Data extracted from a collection
§ §

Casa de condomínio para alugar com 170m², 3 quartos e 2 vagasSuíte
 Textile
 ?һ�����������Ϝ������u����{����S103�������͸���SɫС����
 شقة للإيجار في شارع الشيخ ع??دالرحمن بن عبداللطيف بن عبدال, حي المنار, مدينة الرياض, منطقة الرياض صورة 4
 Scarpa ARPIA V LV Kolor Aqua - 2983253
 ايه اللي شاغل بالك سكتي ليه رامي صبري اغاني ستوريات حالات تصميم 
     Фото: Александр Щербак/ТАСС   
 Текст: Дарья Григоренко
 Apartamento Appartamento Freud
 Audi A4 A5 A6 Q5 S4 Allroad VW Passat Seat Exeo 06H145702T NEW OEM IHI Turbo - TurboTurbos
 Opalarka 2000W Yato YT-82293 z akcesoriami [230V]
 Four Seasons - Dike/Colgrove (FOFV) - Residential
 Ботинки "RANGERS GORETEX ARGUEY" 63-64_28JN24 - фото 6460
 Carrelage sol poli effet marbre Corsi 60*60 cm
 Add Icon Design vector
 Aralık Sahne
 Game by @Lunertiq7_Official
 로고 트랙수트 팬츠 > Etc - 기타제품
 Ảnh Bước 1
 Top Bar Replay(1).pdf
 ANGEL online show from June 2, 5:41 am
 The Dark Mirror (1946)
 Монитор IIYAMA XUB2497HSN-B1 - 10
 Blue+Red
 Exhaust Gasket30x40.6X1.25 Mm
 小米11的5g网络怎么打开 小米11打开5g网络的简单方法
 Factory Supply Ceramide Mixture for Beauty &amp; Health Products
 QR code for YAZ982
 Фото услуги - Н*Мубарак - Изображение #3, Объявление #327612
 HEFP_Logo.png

§ §

### Task instructions
Each entry needs to be transcribed exactly.

### Output for this task
Casa de condomínio para alugar com 170m², 3 quartos e 2 vagasSuíte
 Textile
 ?һ�����������Ϝ������u����{����S103�������͸���SɫС����
 شقة للإيجار في شارع الشيخ ع??دالرحمن بن عبداللطيف بن عبدال, حي المنار, مدينة الرياض, منطقة الرياض صورة 4
 Scarpa ARPIA V LV Kolor Aqua - 2983253
 ايه اللي شاغل بالك سكتي ليه رامي صبري اغاني ستوريات حالات تصميم 
     Фото: Александр Щербак/ТАСС   
 Текст: Дарья Григоренко
 Apartamento Appartamento Freud
 Audi A4 A5 A6 Q5 S4 Allroad VW Passat Seat Exeo 06H145702T NEW OEM IHI Turbo - TurboTurbos
 Opalarka 2000W Yato YT-82293 z akcesoriami [230V]
 Four Seasons - Dike/Colgrove (FOFV) - Residential
 Ботинки "RANGERS GORETEX ARGUEY" 63-64_28JN24 - фото 6460
 Carrelage sol poli effet marbre Corsi 60*60 cm
 Add Icon Design vector
 Aralık Sahne
 Game by @Lunertiq7_Official
 로고 트랙수트 팬츠 > Etc - 기타제품
 Ảnh Bước 1
 Top Bar Replay(1).pdf
 ANGEL online show from June 2, 5:41 am
 The Dark Mirror (1946)
 Монитор IIYAMA XUB2497HSN-B1 - 10
 Blue+Red
 Exhaust Gasket30x40.6X1.25 Mm
 小米11的5g网络怎么打开 小米11打开5g网络的简单方法
 Factory Supply Ceramide Mixture for Beauty &amp; Health Products
 QR code for YAZ982
 Фото услуги - Н*Мубарак - Изображение #3, Объявление #327612
 HEFP_Logo.png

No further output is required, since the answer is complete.